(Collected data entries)
▬▬▬▬▬▬

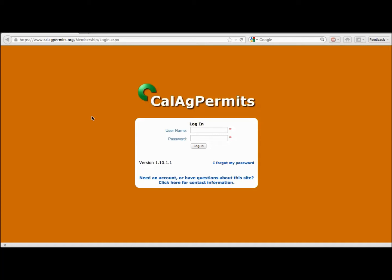The first time you log in, you'll be asked to change your temporary password to your own permanent password. Using your computer and web browser, navigate to the CalAg Permits website at calagpermits.org.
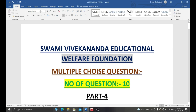Hello everyone, welcome to our channel Shami Vivekananda Educational Welfare Foundation. Today I will discuss 10 more questions that are very essential for you. Everyone should try to write the questions with correct answers in your notebook, because it will be very useful for your future interviews. I hope you have seen the videos of the previous three sessions, so if you have, then watch this video.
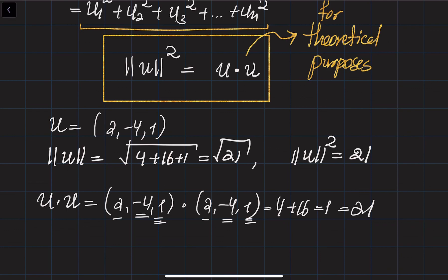In this lecture, we discussed the norm of a vector in 2D and in higher dimensional spaces. We also discussed the scalar product between two vectors and connected the scalar product with the norm using the equation: norm of u squared equals u dot u. In our next lectures, we will discuss the angles between vectors. Thank you very much for your attention. I hope this was helpful.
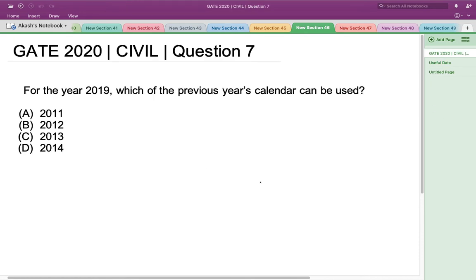The idea behind this problem is that if I can determine a particular year starting from which, up to 2019, the sum of the odd days is exactly divisible by 7, then that particular year's calendar can be used as the calendar for 2019. Let's use this idea to solve the problem.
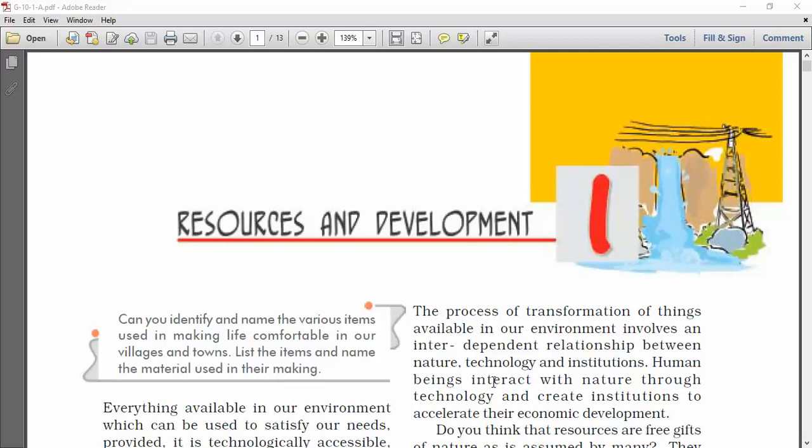Hello students. In this session we will discuss about Resources and Development, Chapter 1, Geography, Class 10, Social Science.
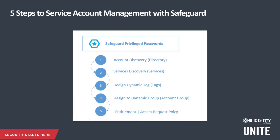In today's demonstration, I'll be showing you the five steps to service account management with Safeguard Privileged Passwords. First step, account discovery. Second step, service discovery. Third step, assigning dynamic tags to the new accounts that were recently discovered by Safeguard. Taking those new accounts, using the tags, assigning them to a dynamic group. And in turn, assigning those dynamic groups to an entitlement slash access request policy.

▬▬▬▬▬▬

== ASSIGNMENT ==
Each entry, word for word, belongs in your answer; each picture does not.

== SOLUTION FOR THIS EXERCISE ==
The first time you log in, you'll be asked to change your temporary password to your own permanent password. Using your computer and web browser, navigate to the CalAg Permits website at calagpermits.org.
Hello everyone, welcome to our channel Shami Vivekananda Educational Welfare Foundation. Today I will discuss 10 more questions that are very essential for you. Everyone should try to write the questions with correct answers in your notebook, because it will be very useful for your future interviews. I hope you have seen the videos of the previous three sessions, so if you have, then watch this video.
In this lecture, we discussed the norm of a vector in 2D and in higher dimensional spaces. We also discussed the scalar product between two vectors and connected the scalar product with the norm using the equation: norm of u squared equals u dot u. In our next lectures, we will discuss the angles between vectors. Thank you very much for your attention. I hope this was helpful.
The idea behind this problem is that if I can determine a particular year starting from which, up to 2019, the sum of the odd days is exactly divisible by 7, then that particular year's calendar can be used as the calendar for 2019. Let's use this idea to solve the problem.
Hello students. In this session we will discuss about Resources and Development, Chapter 1, Geography, Class 10, Social Science.
In today's demonstration, I'll be showing you the five steps to service account management with Safeguard Privileged Passwords. First step, account discovery. Second step, service discovery. Third step, assigning dynamic tags to the new accounts that were recently discovered by Safeguard. Taking those new accounts, using the tags, assigning them to a dynamic group. And in turn, assigning those dynamic groups to an entitlement slash access request policy.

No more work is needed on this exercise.